> ASSIGNED TASK
Starting at the line that contains "Exemple de décoration" and stopping at the line that contains "potpuno-namjesten-trosoban-apartman-na-moru-s-parkingom_4", transcribe every line of the material below exactly; pictures stay out.

> MATERIAL PROVIDED
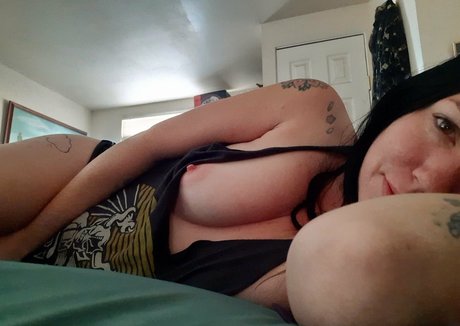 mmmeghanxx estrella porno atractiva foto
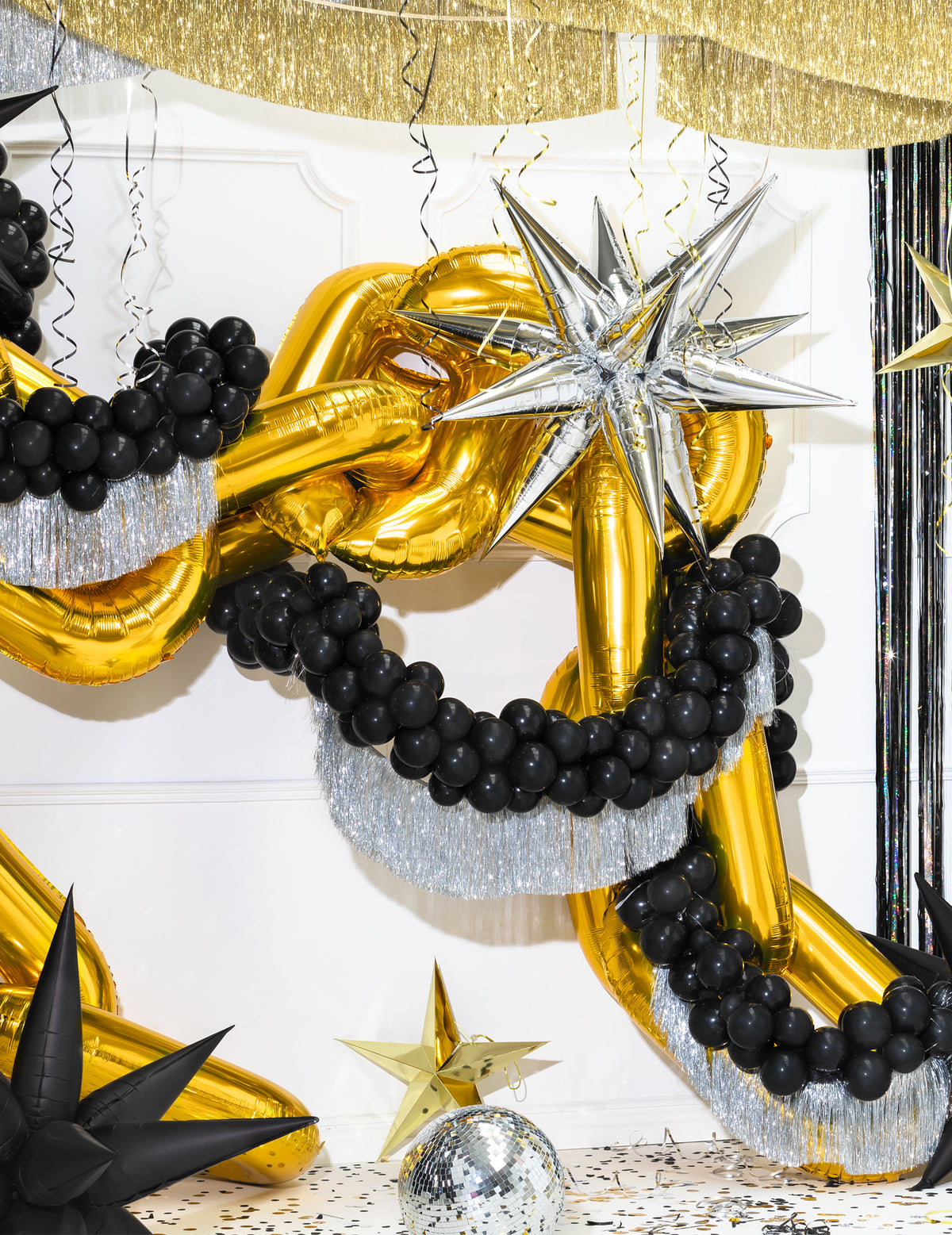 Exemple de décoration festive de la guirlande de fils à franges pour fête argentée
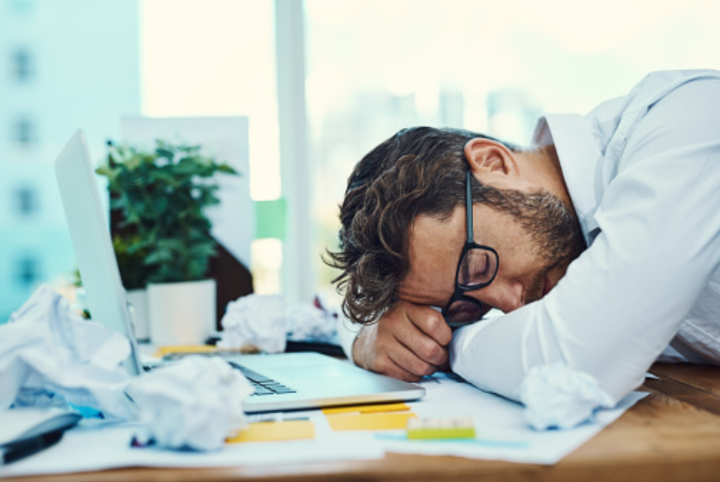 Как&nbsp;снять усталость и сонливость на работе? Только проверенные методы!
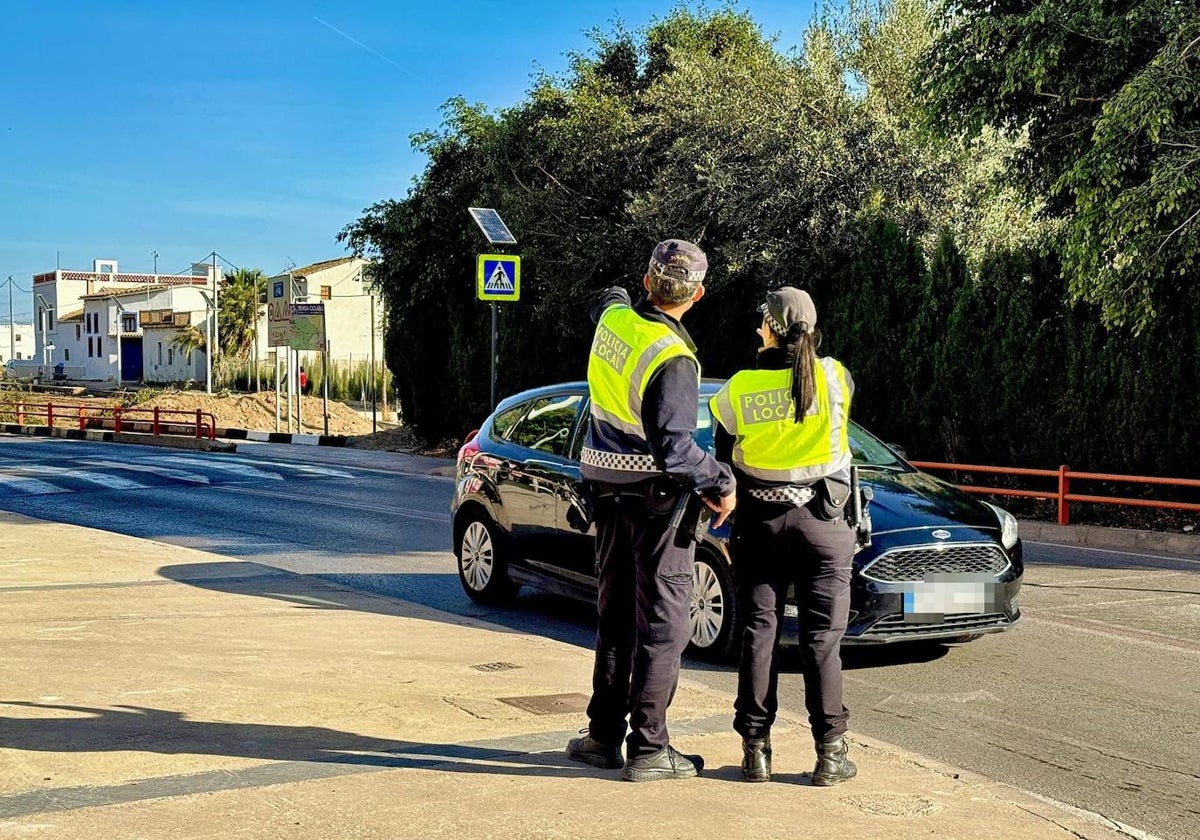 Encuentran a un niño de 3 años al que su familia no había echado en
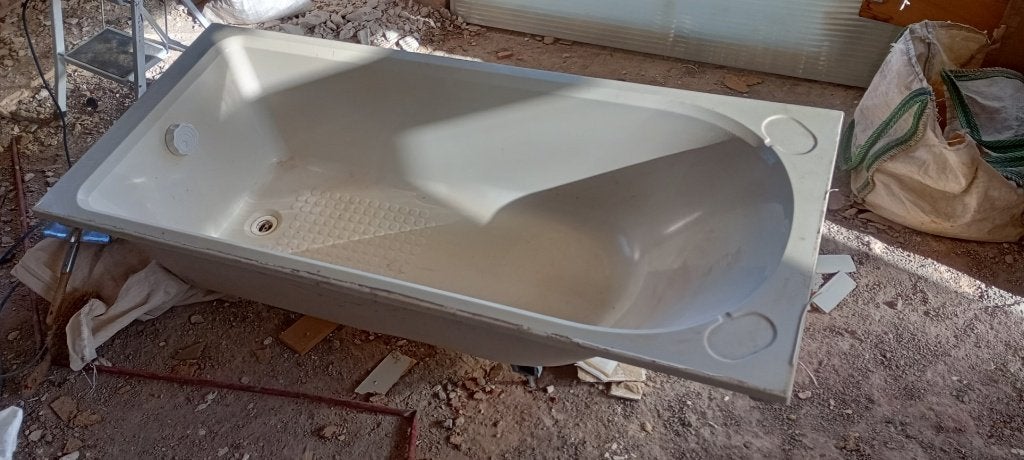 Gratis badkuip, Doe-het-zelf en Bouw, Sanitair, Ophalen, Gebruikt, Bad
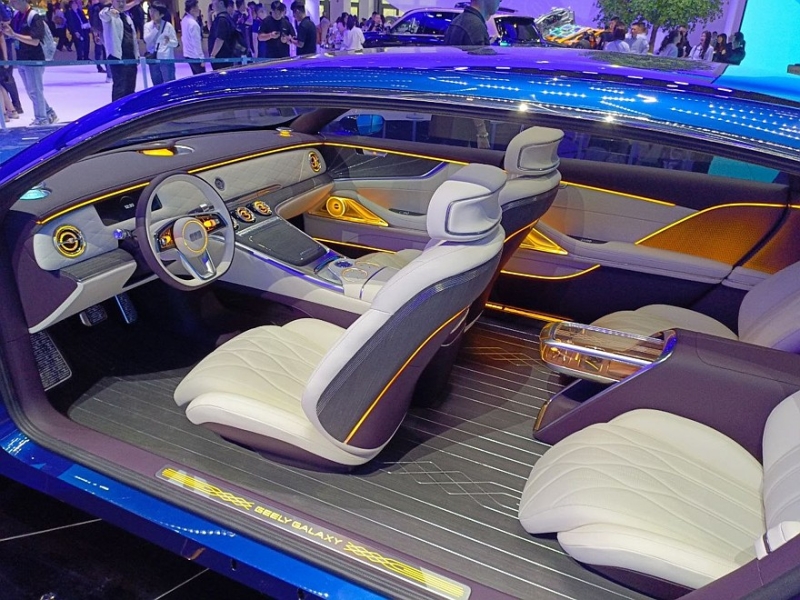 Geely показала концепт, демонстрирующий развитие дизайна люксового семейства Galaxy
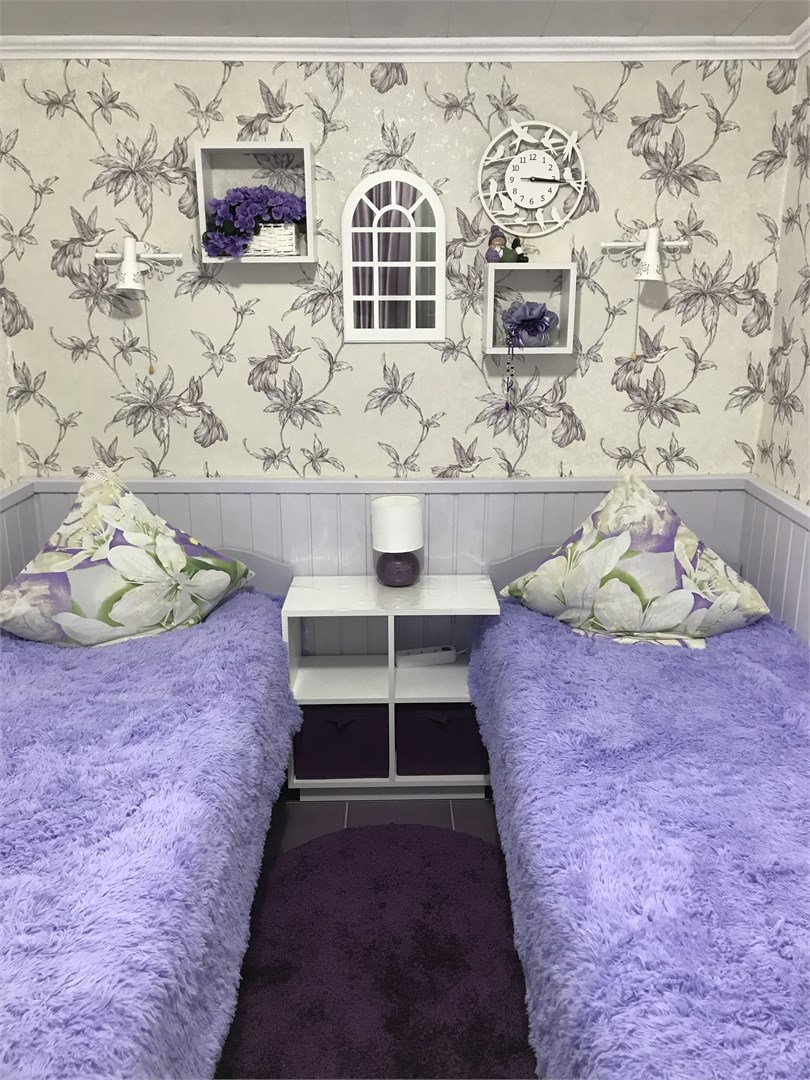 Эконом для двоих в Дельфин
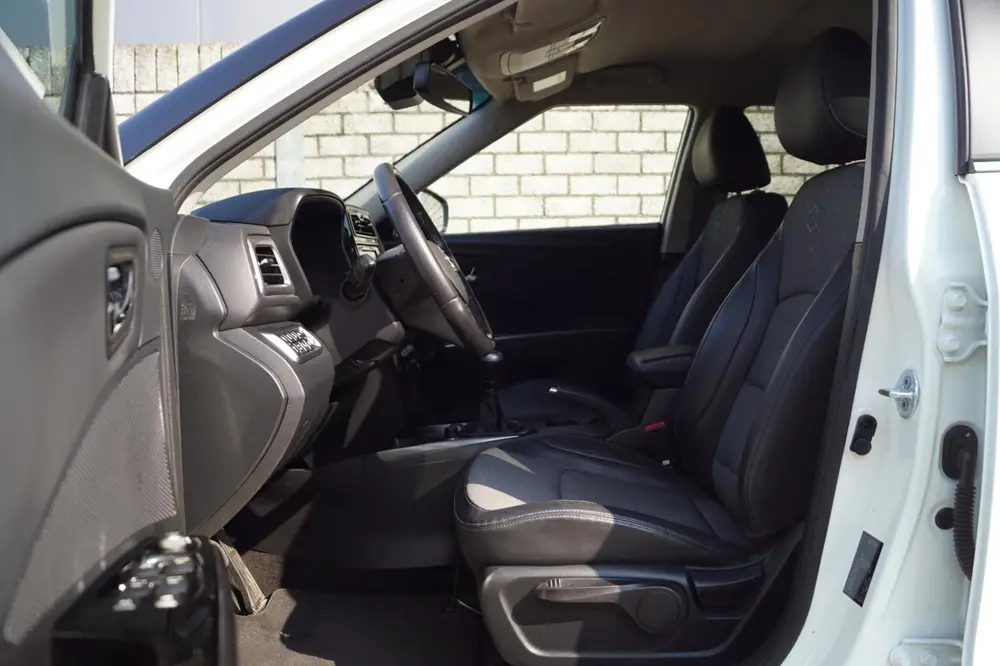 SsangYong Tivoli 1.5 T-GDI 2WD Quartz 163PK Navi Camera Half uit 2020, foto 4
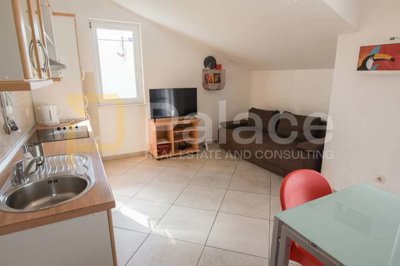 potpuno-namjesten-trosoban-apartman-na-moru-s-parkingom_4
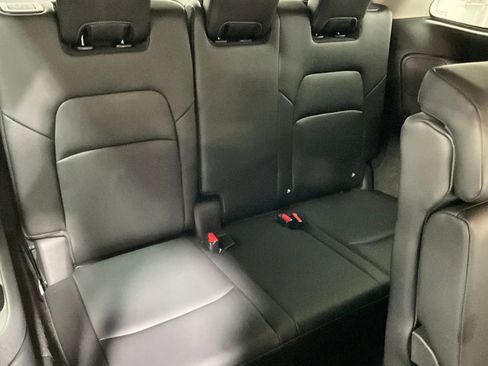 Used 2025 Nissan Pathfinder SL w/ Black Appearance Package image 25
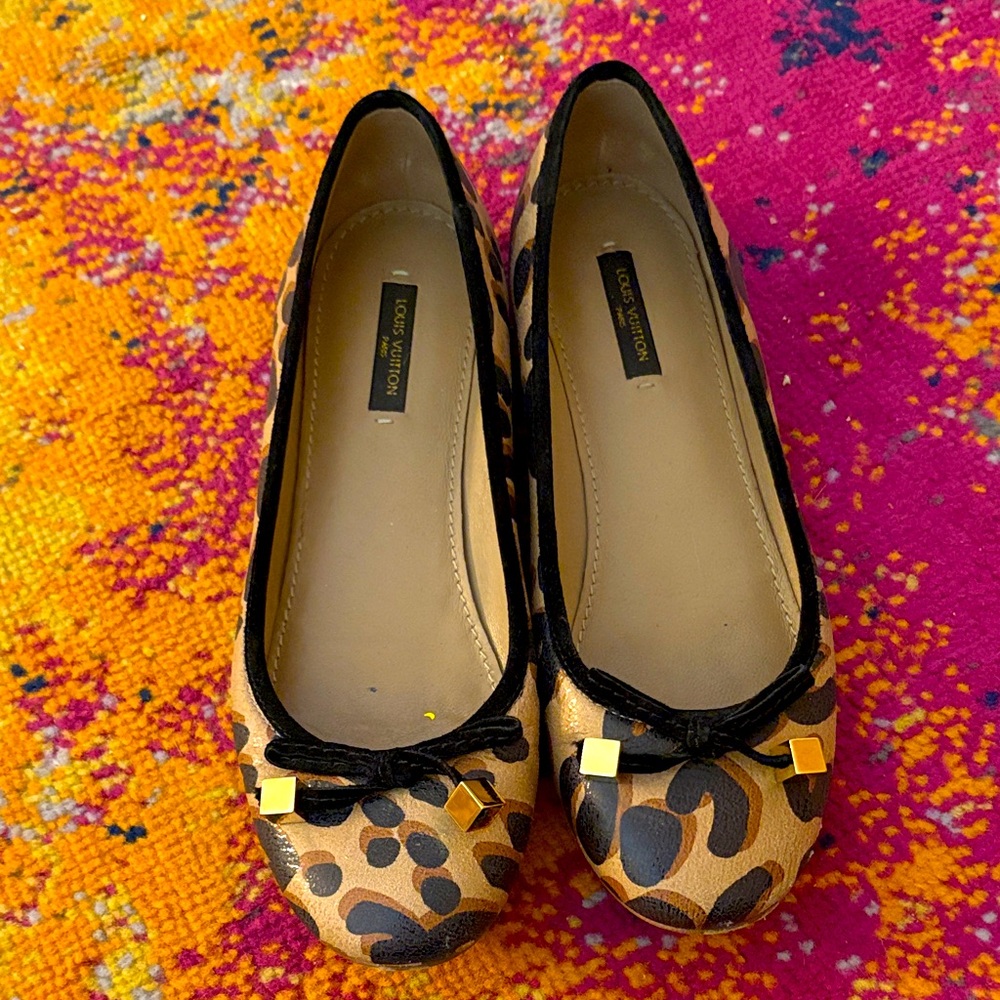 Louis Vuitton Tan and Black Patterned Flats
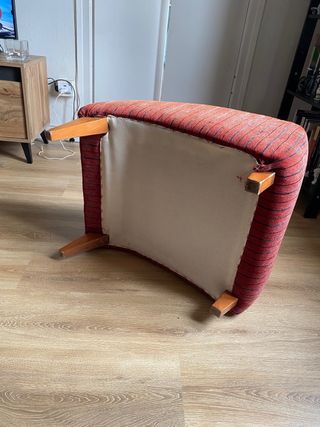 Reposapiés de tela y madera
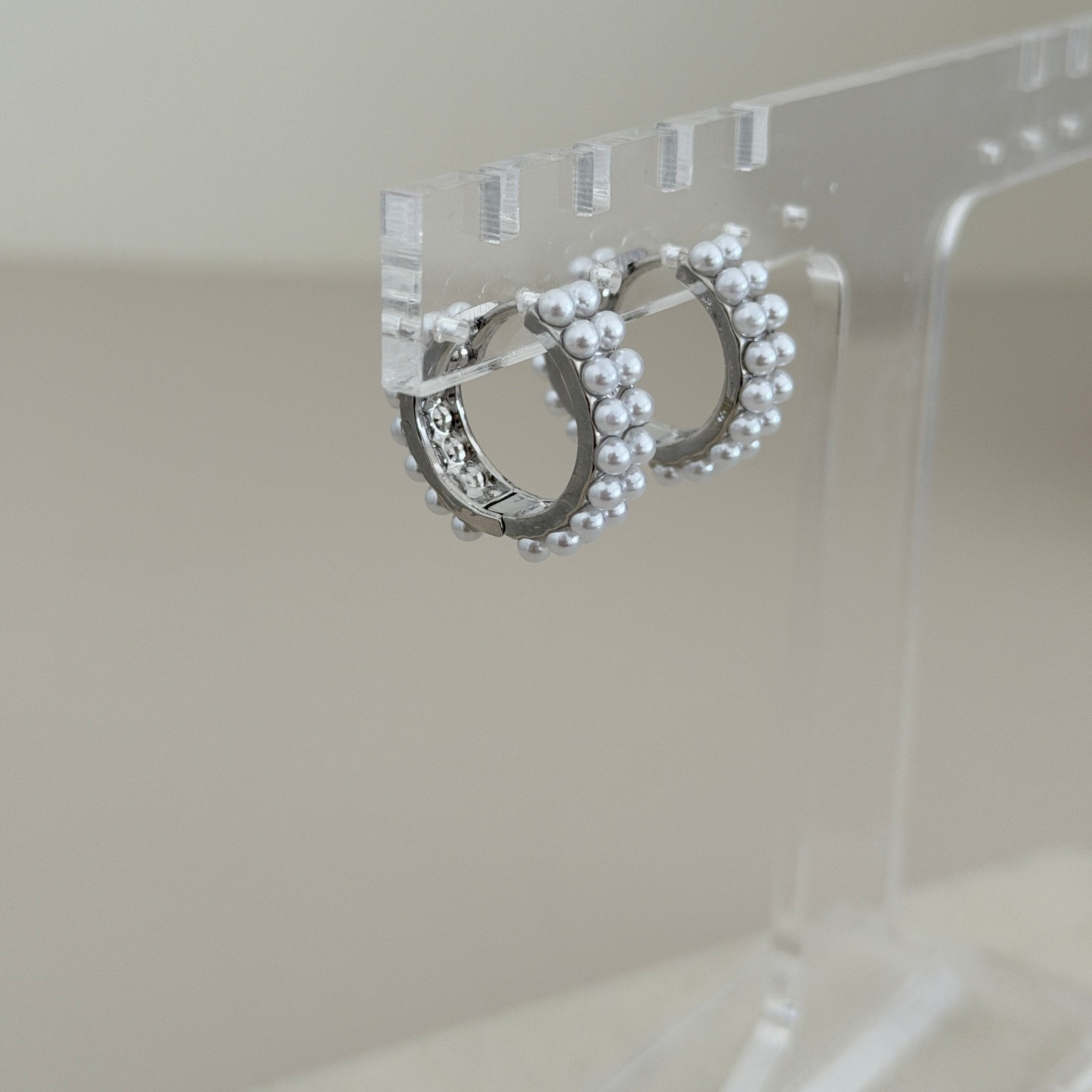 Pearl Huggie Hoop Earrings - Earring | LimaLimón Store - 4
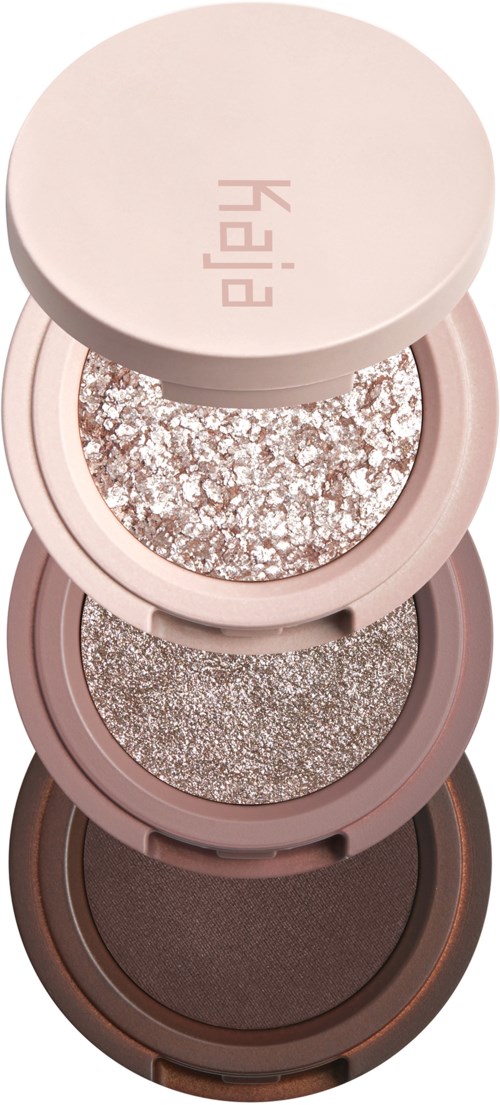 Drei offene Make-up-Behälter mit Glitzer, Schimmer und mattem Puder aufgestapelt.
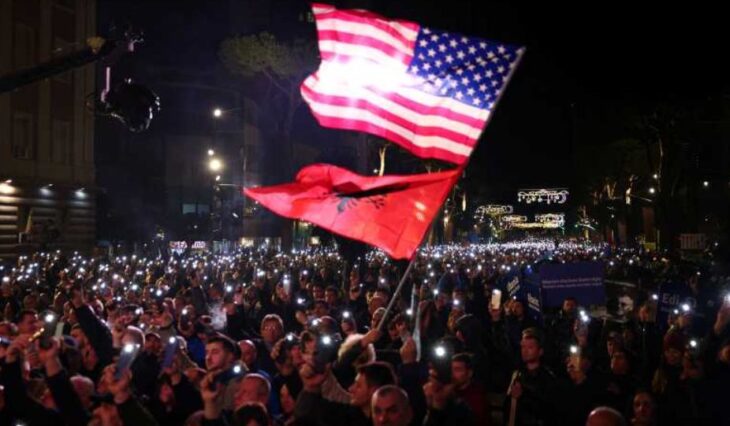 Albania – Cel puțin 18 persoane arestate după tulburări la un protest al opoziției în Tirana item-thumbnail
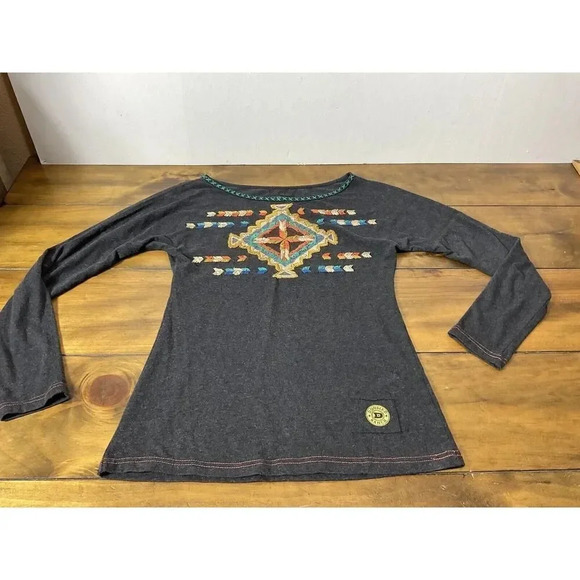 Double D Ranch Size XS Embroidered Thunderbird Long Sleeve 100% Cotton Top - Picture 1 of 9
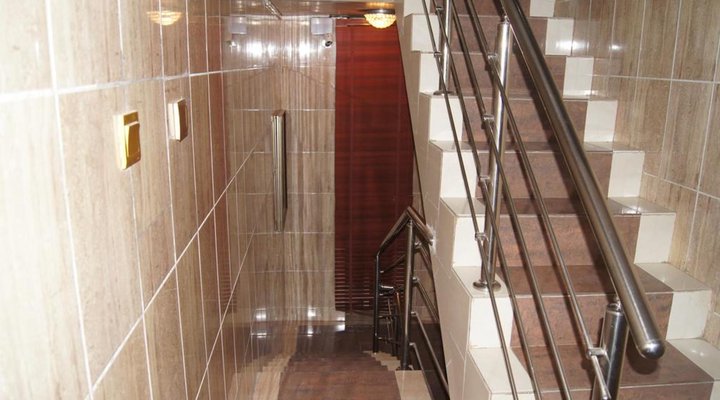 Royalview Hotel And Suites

> ANSWER TO THE EXERCISE
 Exemple de décoration festive de la guirlande de fils à franges pour fête argentée
 Как&nbsp;снять усталость и сонливость на работе? Только проверенные методы!
 Encuentran a un niño de 3 años al que su familia no había echado en
 Gratis badkuip, Doe-het-zelf en Bouw, Sanitair, Ophalen, Gebruikt, Bad
 Geely показала концепт, демонстрирующий развитие дизайна люксового семейства Galaxy
 Эконом для двоих в Дельфин
 SsangYong Tivoli 1.5 T-GDI 2WD Quartz 163PK Navi Camera Half uit 2020, foto 4
 potpuno-namjesten-trosoban-apartman-na-moru-s-parkingom_4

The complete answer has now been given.